His hand cups my face, tilting my chin up.
Goosebumps run down my arms.
“Finding forgiveness where there shouldn’t be any?” His lips tilt up into a smile. “That’s not stupid, Remi, baby.” He traces my lips with his finger. “That’s fucking brave.”
I hold his gaze. “Brave things can be stupid.”
His eyes search mine for a long moment, and I wonder if he’s going to say anything at all.
Then he does.
“Did you know?” he asks quietly.
“Know what?” Despite having no understanding of what he’s trying to ask, my heart races all the same, his thumb still over my bottom lip.
“The risks?” I see him swallow, the muscles in his neck flexing. “With me?”
What a loaded question.
But there’s a simple answer. “Yes,” I whisper, meaning it.
“Then it wasn’t stupid.

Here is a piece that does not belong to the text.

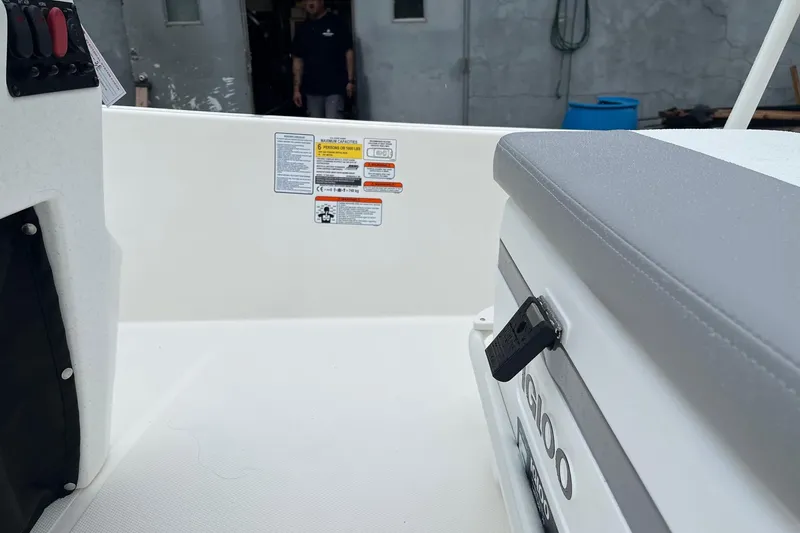 Slide: The Image of Interior view of 2026 Mako Pro Skiff 17 CC boat with seating and control panel. - 8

If you thought for one fucking second this would’ve been easy, or felt good, or fuck, if you thought it would’ve been fun…
” He drops his hand. “That would make you stupid.” He slides his hands into his pockets and looks up at the stars.
“Nah, Remi,” he says, shaking his head. “You’re brave.
Because you knew it’d hurt.” He smiles a little, a dimple flashing in his cheek as he dips his chin.
“You knew it, and you did it anyway, facing it head on. Fucking brave.” His eyes lock on mine, his voice little more than a whisper.
“And watching you leave, even after what I did… what I said, me calling the cab…” He shrugs.
“That shit hurt like hell.” He smiles small at me.
“I knew that might happen, too. But I know that no matter where this world takes us, I’ll never forget you, baby.
” He steps closer to me, but keeps his hands in his pockets.
“That’s worth all the pain to me. Having a love that’ll never leave my fucking head. ”
I frown at that. “So are you brave, Cortland, or are you stupid?”
He laughs a little. “To tell you the truth, Remi, baby, for you,” he dips his head to mine, staring into my eyes. “I’m a little of both.”